WORK INSTRUCTIONS
Begin with the line below holding "Беспроводной Bluetooth Пульт" and go on through the line holding "Elegant Coffee Cup", duplicating each line exactly and leaving out pictures.

───── RECORDS TO USE ─────

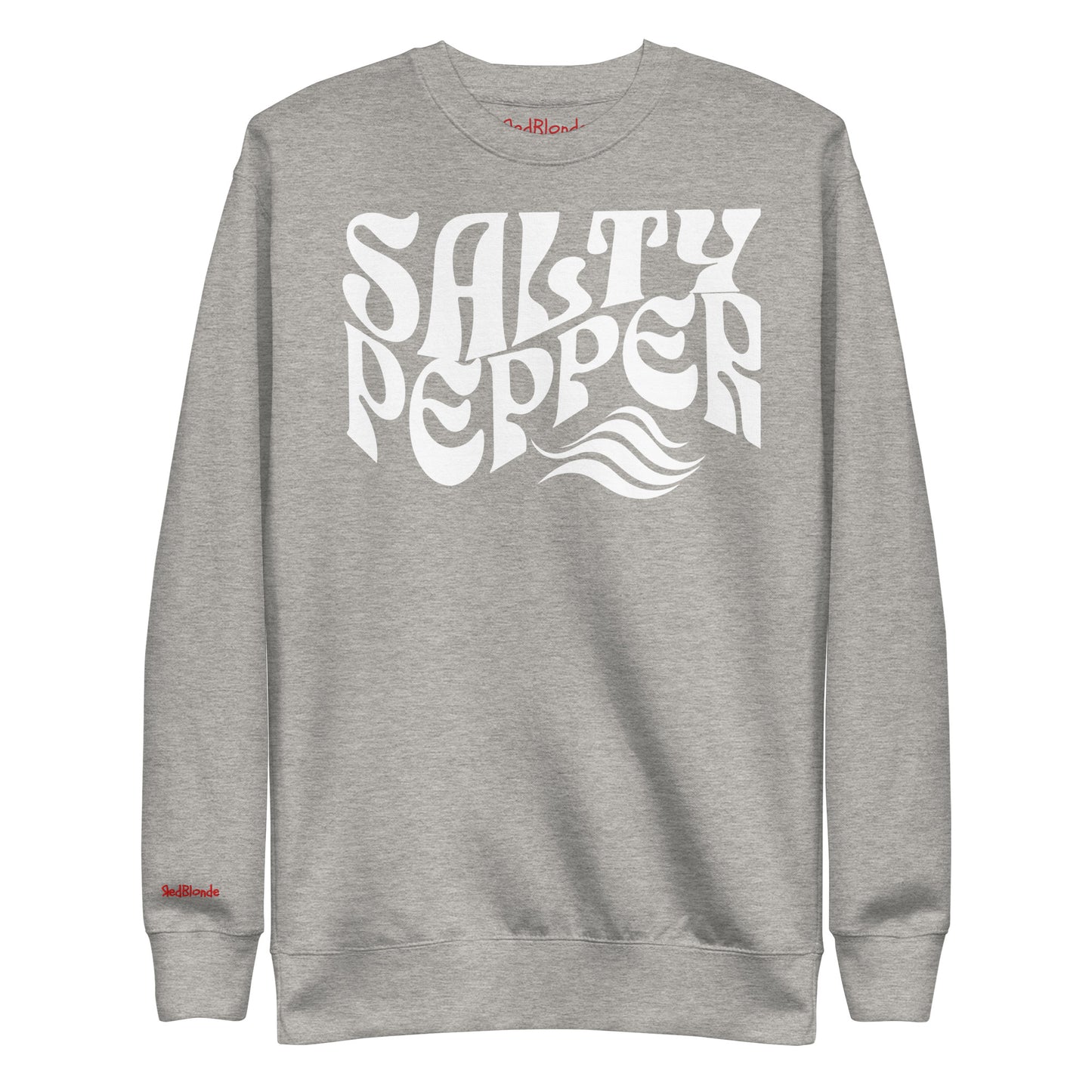 flatlay of Classic relaxed fit unisex sweatshirt in athletic light grey with 'Salty Pepper' play on words slogan in white retro wavy 70s text. Branded RedBlonde on inside neck and right cuff in red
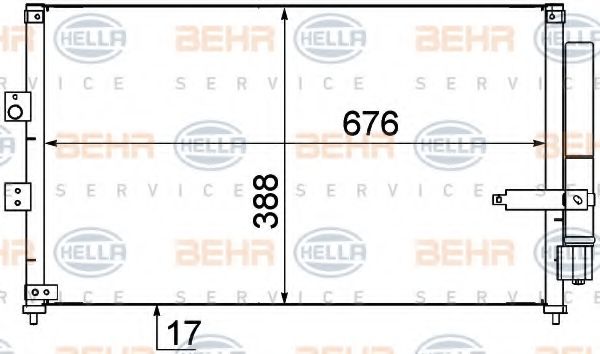 8FC 351 318-611 HELLA Air Conditioning Condenser, air conditioning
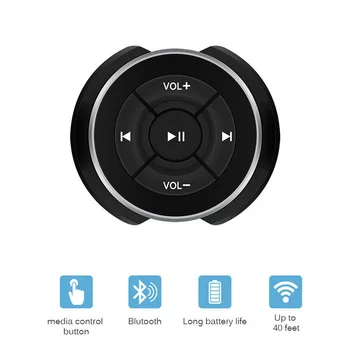 Беспроводной Bluetooth Пульт дистанционного управления рулевым колесом Аудио МЕДИА MP3 Музыкальный плеер Кнопочный контроллер Android IOS для автомобиля мотоцикла Изображение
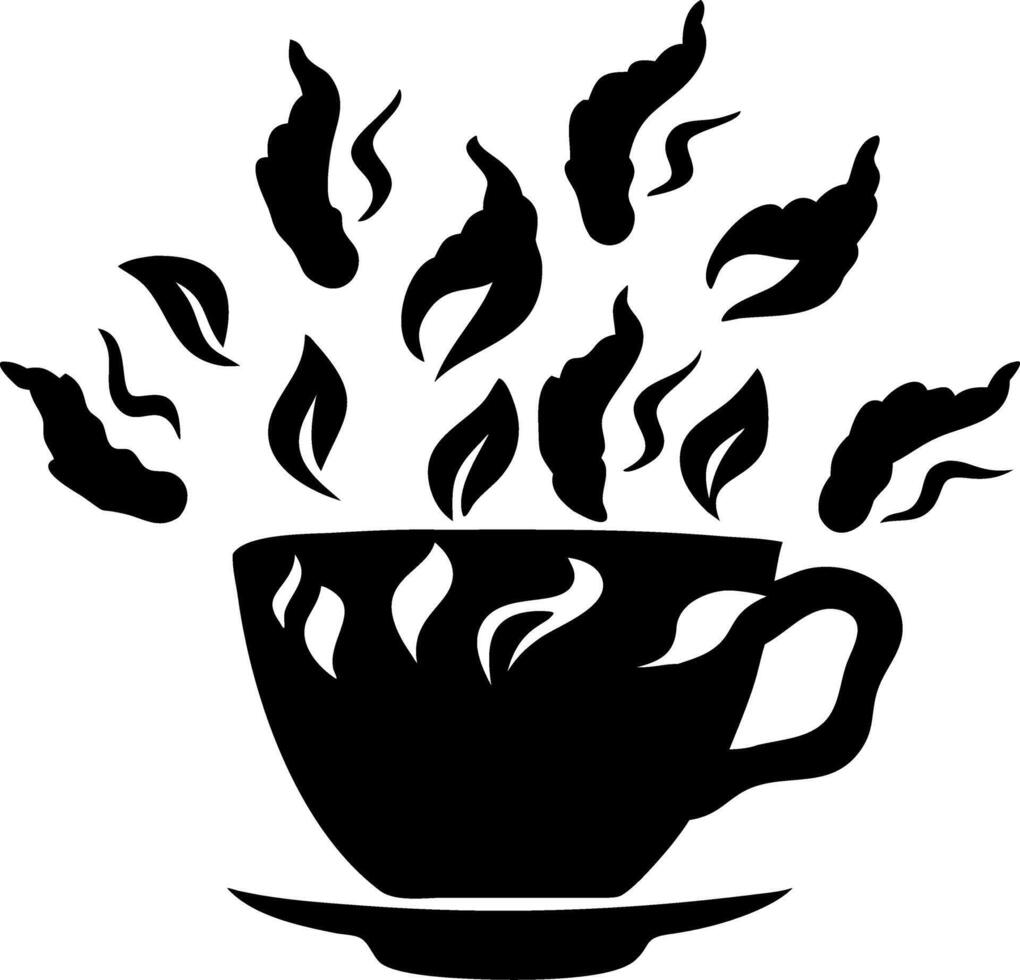 Elegant Coffee Cup Silhouette with Artistic Rising Steam for Design vector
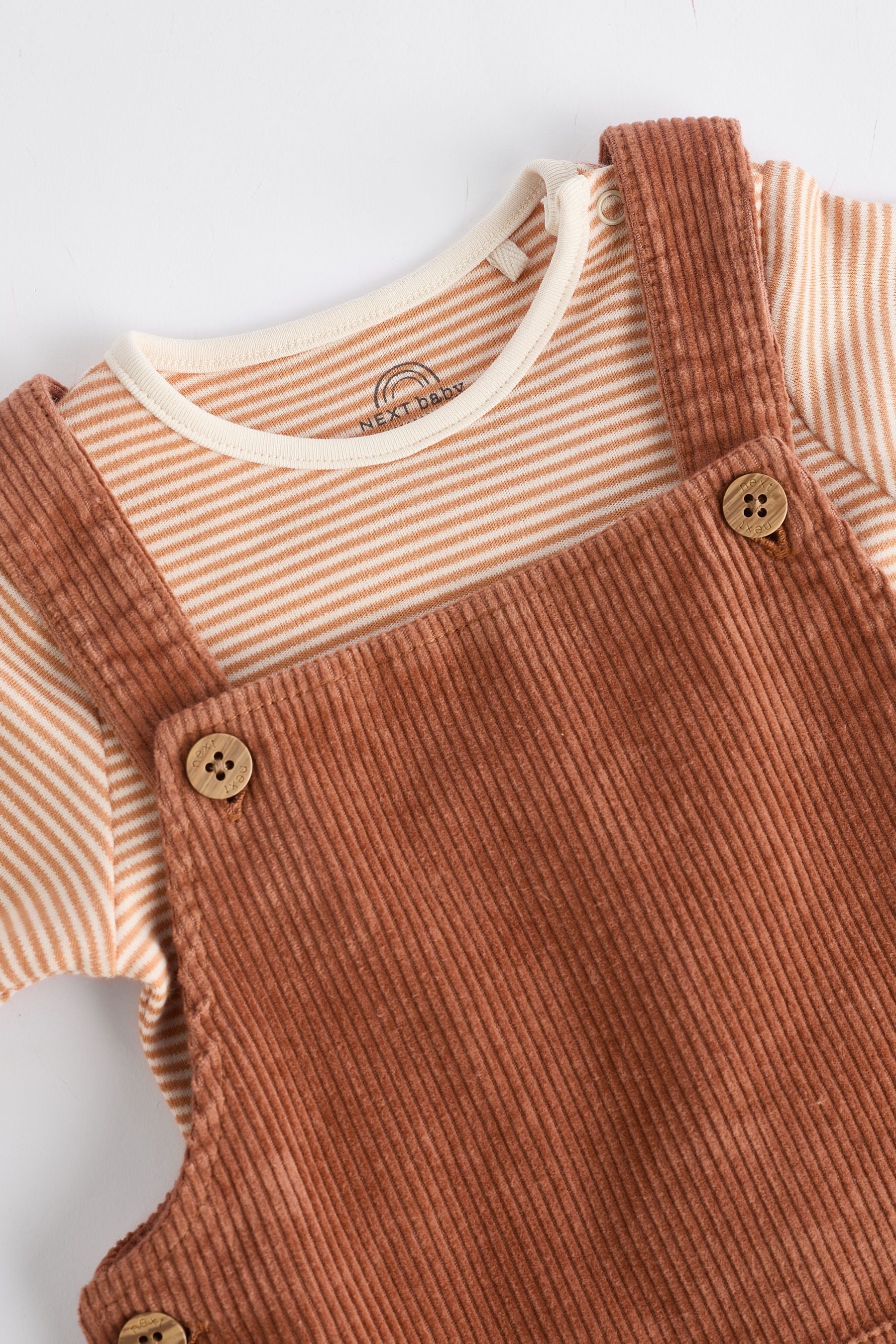 Rust Brown Cord 100% Cotton Baby Dungarees and Bodysuit Set (0mths-2yrs)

─────

RESPONSE AREA
 Беспроводной Bluetooth Пульт дистанционного управления рулевым колесом Аудио МЕДИА MP3 Музыкальный плеер Кнопочный контроллер Android IOS для автомобиля мотоцикла Изображение
 Elegant Coffee Cup Silhouette with Artistic Rising Steam for Design vector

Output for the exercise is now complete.